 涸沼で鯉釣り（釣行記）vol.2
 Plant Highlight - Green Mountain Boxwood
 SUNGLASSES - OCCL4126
────────────────────
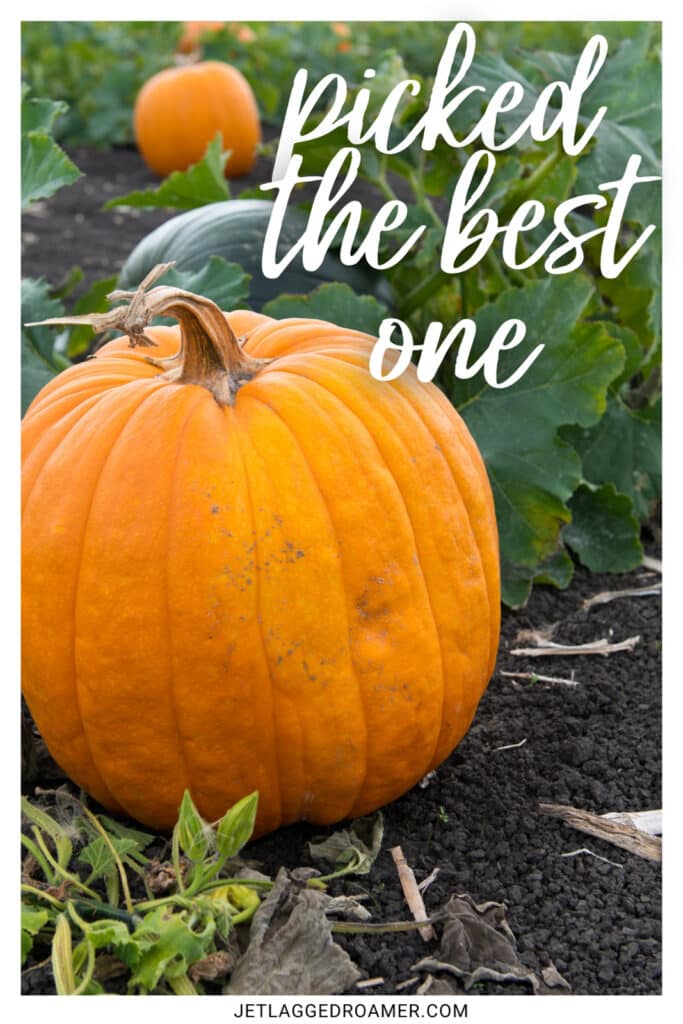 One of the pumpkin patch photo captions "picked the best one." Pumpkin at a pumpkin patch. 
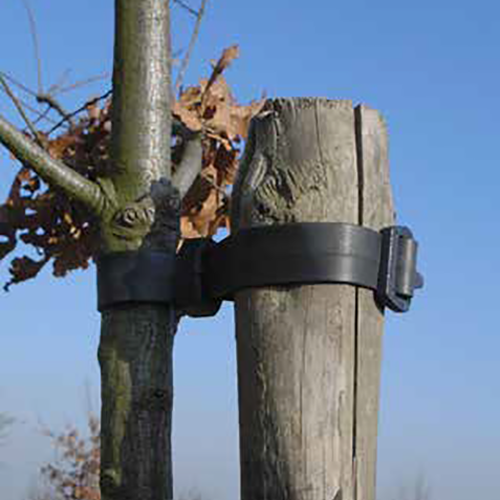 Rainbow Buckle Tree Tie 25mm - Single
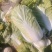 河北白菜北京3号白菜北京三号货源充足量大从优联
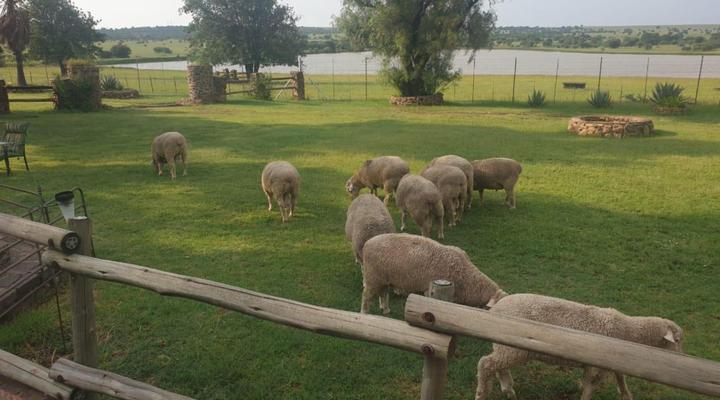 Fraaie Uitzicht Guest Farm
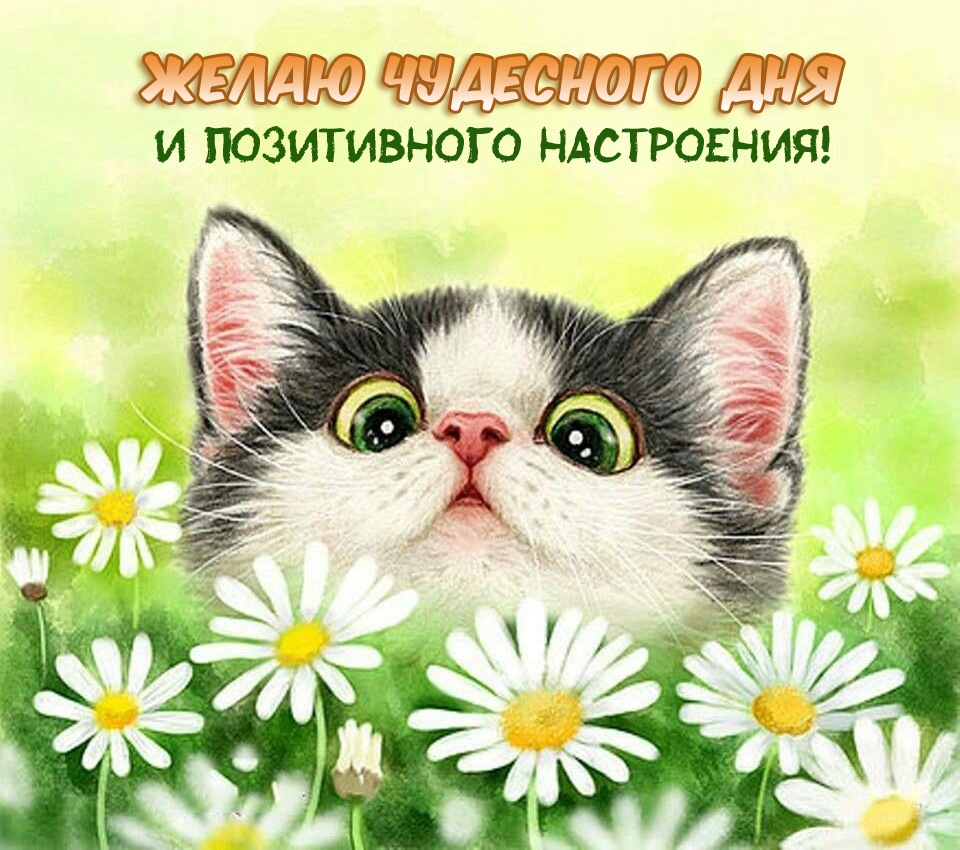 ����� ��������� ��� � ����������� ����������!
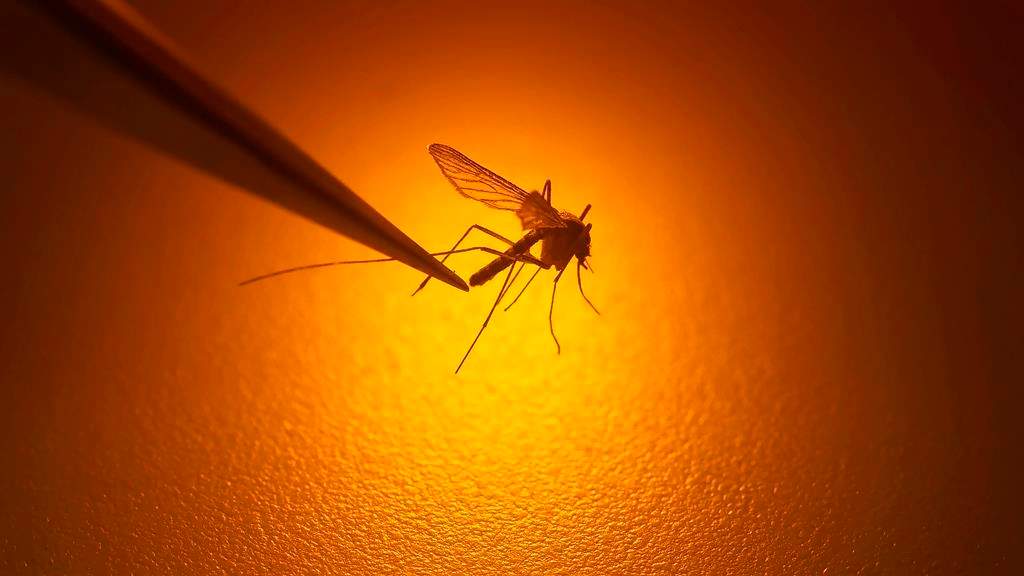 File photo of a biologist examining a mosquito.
────────────────────
- **What to work on**
Could you repeat exactly the lines above from the line with "涸沼で鯉釣り（釣行記）vol.2" up to and including the line with "SUNGLASSES - OCCL4126", and only those?

- **Answer space**
 涸沼で鯉釣り（釣行記）vol.2
 Plant Highlight - Green Mountain Boxwood
 SUNGLASSES - OCCL4126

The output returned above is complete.